# LOCAL PEP BOY's CLOSES



## LOWET (Oct 21, 2007)

A few weeks ago I went to my local PEP BOYs to pick up some oil. On the front door was a going out of Business Sign. I went in there and got 2 cases of Royal Purple 5W30 for $10.00 per case, 3 case's of 10W40 Mobile One for $8.00 a case. I use the Royal purple on my GTO and the Mobile One on my bikes. I also purchased 5 quarts of LUCAL Synthetic oil Stabilizer at $4.00 per quart. They we out of filters.

:cool


----------



## NJG8GT (Nov 14, 2007)

LOWET said:


> A few weeks ago I went to my local PEP BOYs to pick up some oil. On the front door was a going out of Business Sign. I went in there and got 2 cases of Royal Purple 5W30 for $10.00 per case, 3 case's of 10W40 Mobile One for $8.00 a case. I use the Royal purple on my GTO and the Mobile One on my bikes. I also purchased 5 quarts of LUCAL Synthetic oil Stabilizer at $4.00 per quart. They we out of filters.
> 
> :cool


Why did they close. There is one right over the bridge from where I live in Delaware. It would be nice to pick up some deals on some oil, oil filters, and air filters.


----------



## fergyflyer (Apr 18, 2005)

A large business is like a large oak tree. Sometimes branches die. The best thing for the tree is to trim the dead branches. Pep Boys does it and so do every other healthy retail chain.


----------



## Red Bearded Goat (Mar 19, 2007)

Manny, Moe and Jack on unemployment in CT..... WTF, nobody work on their own car up there? :lol:


----------



## fergyflyer (Apr 18, 2005)

Red Bearded Goat said:


> Manny, Moe and Jack on unemployment in CT..... WTF, nobody work on their own car up there? :lol:


It's way too cold. LOL


----------



## LOWET (Oct 21, 2007)

NJgoat said:


> Why did they close. There is one right over the bridge from where I live in Delaware. It would be nice to pick up some deals on some oil, oil filters, and air filters.

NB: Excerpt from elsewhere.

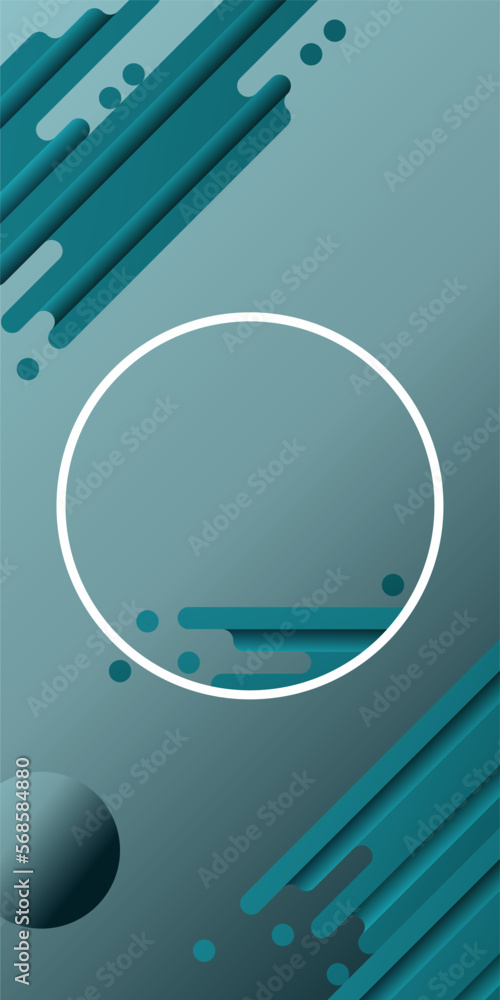 Poster abstract vertical dark green gradient background with circular frame and streamlined graphic element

This one was in Wallingford Connecticut. It always was busy. I think the problem was that there are about 6 AUTO ZONE shops within a couple of miles from it.


----------



## LOWET (Oct 21, 2007)

fergyflyer said:


> It's way too cold. LOL


Actually, the way they are building cars today, it is hard for the average guy to maintain their cars except for oil, Air Filter or plug changes. Not everyone has access to a computer and carries a tuner in their back pocket. Most of these shops cater to the ricers. The shops are loaded with stickers, junk to hang off your rear view mirrors, Lights to replace your windshield wiper sprayer, Cheap plastic engine detail kits, 900 kinds of wax. You will be lucky if they have anything or Quality for your car except tires . Kind of like shopping at the BARGAIN BASEMENT at J.C PENNEY'S or SEARS


----------



## PAULCAPASSO (Dec 25, 2007)

I agree with LOWET, I stopped going to PEPBOYS when they started selling cheap dirtbikes and gocarts, and couldn't get a cap and rotor for a chevy camaro. there is alot of crap stocked there, and the only good things they carry for american muscle cars are for yesterdays Chevrolet's and Fords. Other then that, total rice rocket crap.
NEVER LET THEM WORK ON YOUR CAR! you'll be lucky to find a mechanic with a ASE and or tools in their tool box. My secretary brought her car there for a battery, 375.00 later she had a new alternator on a 26,000 mile honda accord and coned her into a new set of brakes that were just done by me not long before the battery. They break things on purpose I think. Talking to their main office is like talking to a Dell computer tech support rep from India. Peace them out! When are they going to get more "Real" parts stores in this world that sell "Real" Car parts!? I know I wouldn't buy any parts from there and put them on my goat. I would put my own gun to my head first.


----------



## Wing_Nut (Mar 6, 2005)

Ulrich und Wolfgang maintain my cars. I would never soil my hands with such pedestrian endeavors.


----------



## NJG8GT (Nov 14, 2007)

Local NAPA Auto Part Store and Advance Auto Parts are two nice part stores.


----------



## PAULCAPASSO (Dec 25, 2007)

even advance auto parts or NAPA i'm sketchy about too. I'd rather pay for the OEM or some name brand performance part before one of them. but for small stuff i guess their ok.


----------



## NJG8GT (Nov 14, 2007)

PAULCAPASSO said:


> even advance auto parts or NAPA i'm sketchy about too. I'd rather pay for the OEM or some name brand performance part before one of them. but for small stuff i guess their ok.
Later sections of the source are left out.